Under Pressure: Device Could Help to Avoid Pipeline Disasters, Aid Glaucoma Patients

Rizzo leaning on a table next to his sensor device

Pipeline bursts have major consequences when they occur. In 2017 alone, 650 pipeline incidents were reported nationwide. These included 20 fatalities, 35 injuries and over $270 million in reported costs.

External and internal corrosion accounted for 16 percent of these incidents and nearly $48 million in damages, according to the Pipeline and Hazardous Materials Safety Administration. The data accounts for pipelines in natural gas, hazardous liquid and liquefied natural gas plants.

“It’s an issue that companies are working to find solutions to,” said Piervincenzo Rizzo, professor of civil and environmental engineering. “Incidents like these are problematic not just for facilities, but also for workers and surrounding areas.”

Rizzo and his team are developing a corrosion sensor to prevent such disasters. The greater the internal pressure of the pipe, the more wear and tear — corrosion — there is likely to be. The device would be placed on the outside of pipes to measure how thick or thin the pipes are, similar to measuring how sound bounces off walls.

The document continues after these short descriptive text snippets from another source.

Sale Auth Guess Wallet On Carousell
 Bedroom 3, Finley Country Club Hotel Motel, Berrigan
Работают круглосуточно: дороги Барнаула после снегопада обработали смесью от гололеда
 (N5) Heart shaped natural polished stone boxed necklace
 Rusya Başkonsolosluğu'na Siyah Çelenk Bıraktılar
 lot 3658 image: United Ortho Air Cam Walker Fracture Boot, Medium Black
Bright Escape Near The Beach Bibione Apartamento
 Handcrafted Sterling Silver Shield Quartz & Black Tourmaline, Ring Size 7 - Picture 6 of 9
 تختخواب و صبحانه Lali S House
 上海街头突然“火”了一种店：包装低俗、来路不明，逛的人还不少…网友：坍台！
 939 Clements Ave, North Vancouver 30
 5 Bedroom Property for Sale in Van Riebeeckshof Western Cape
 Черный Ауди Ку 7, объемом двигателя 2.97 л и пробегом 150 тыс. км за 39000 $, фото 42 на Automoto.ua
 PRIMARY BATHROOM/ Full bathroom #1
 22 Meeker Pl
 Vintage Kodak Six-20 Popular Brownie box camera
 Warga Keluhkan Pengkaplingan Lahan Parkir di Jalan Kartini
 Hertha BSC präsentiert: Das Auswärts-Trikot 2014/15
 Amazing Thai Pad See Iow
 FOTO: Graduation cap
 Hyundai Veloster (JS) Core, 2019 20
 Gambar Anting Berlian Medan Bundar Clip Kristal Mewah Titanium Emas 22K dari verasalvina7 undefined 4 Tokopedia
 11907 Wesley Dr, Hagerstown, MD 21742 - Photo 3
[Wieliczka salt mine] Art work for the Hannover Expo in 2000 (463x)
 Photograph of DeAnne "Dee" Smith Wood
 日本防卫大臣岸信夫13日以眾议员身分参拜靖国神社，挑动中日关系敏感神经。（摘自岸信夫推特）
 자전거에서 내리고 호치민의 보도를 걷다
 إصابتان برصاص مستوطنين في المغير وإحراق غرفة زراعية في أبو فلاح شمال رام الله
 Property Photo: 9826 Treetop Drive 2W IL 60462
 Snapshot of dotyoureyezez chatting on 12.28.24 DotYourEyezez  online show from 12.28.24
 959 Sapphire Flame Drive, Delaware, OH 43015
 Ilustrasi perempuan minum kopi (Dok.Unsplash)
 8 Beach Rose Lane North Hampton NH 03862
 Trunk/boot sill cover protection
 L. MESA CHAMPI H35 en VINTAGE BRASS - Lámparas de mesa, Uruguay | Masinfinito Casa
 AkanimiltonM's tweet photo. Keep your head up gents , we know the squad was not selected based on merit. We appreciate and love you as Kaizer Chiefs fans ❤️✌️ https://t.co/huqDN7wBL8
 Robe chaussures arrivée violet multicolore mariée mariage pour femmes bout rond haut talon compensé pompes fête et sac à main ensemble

“When sound bounces off a wall, you get an idea of how thick the wall is,” Rizzo said. “The same principles can be applied here.”

Rizzo’s goal is to create a sensor that will work continuously to wirelessly transmit data and will be able to monitor pipes operating at any temperature above or below ground. It can transmit data each day if needed, and companies can be better prepared for pipe repairs or replacement. 

Rizzo and his team are currently measuring the internal pressure of objects posing less of a risk, such as a piece of steel girder and a tennis ball.

“The amount of corrosion in a pipe over time can be represented by the change in shape of this special energy wave,” Rizzo said.

The device measures about 10 inches in each direction, though the team is currently finding ways to make the device smaller and more economically feasible without sacrificing sensory quality.

The sensor will target pipes operating at temperatures above 212 degrees Fahrenheit, though it can transmit data at cooler temperatures as well. While deterioration poses serious threats to pipelines, periodic inspections are costly as entire plants may need to be shut down for the inspection process, slowing productivity.  

Other applications are being researched for this technology — most notably for measuring and monitoring eye pressure in glaucoma patients.

Glaucoma is a disease that damages the optic nerve of the eye due to an imbalance between the amount of fluid produced and drained inside the eye. Intraocular pressure is the only modifiable risk factor for the disease’s progression, and is commonly manipulated using medications, laser treatment or invasive surgery.

“For example, if clinicians knew how the pressure of a patient's eyeball fluctuates throuhgout the day, then they could customize treatments for individuals and adjust on the fly rather than waiting extended periods of time to evaluate the efficacy of treatments,” said team member Samuel Dickerson, assistant professor of electrical and computer engineering. “This type of detailed information is simply not available today and the hope is that our technology will make it so.”

The research recently received funding via a $360,000 grant from the National Science Foundation.

The research team includes Rizzo, Dickerson and Ian Conner, assistant professor of ophthalmology and bioengineering.